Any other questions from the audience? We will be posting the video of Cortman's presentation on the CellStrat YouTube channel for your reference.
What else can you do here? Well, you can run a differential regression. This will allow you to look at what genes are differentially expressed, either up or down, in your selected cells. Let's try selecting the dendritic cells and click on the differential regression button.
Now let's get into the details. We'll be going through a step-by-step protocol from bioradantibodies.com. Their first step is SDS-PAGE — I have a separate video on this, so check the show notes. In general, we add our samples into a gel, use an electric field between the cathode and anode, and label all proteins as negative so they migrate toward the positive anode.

What is being asked -
Every line above that holds the word "video" is to be found and copied.

Response -
Any other questions from the audience? We will be posting the video of Cortman's presentation on the CellStrat YouTube channel for your reference.
Now let's get into the details. We'll be going through a step-by-step protocol from bioradantibodies.com. Their first step is SDS-PAGE — I have a separate video on this, so check the show notes. In general, we add our samples into a gel, use an electric field between the cathode and anode, and label all proteins as negative so they migrate toward the positive anode.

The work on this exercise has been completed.